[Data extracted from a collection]

___

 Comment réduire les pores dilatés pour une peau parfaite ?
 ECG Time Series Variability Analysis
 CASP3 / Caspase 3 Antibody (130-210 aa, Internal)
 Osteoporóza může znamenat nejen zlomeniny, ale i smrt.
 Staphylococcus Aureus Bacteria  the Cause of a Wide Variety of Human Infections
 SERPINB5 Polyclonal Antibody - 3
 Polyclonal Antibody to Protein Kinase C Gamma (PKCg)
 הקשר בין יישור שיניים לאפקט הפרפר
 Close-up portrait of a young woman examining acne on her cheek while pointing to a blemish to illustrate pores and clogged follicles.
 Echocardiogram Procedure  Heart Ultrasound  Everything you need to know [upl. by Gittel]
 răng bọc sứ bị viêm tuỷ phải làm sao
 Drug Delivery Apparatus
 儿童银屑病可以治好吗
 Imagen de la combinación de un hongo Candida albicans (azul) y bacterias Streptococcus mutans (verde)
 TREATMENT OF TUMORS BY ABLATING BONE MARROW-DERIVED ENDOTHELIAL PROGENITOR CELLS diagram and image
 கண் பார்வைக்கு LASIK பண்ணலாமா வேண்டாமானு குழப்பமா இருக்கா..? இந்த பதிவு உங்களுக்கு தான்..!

___

PROBLEM | All lines above that include the word "Polyclonal" must be copied into the answer.

ANSWER FOR THIS EXERCISE |
 SERPINB5 Polyclonal Antibody - 3
 Polyclonal Antibody to Protein Kinase C Gamma (PKCg)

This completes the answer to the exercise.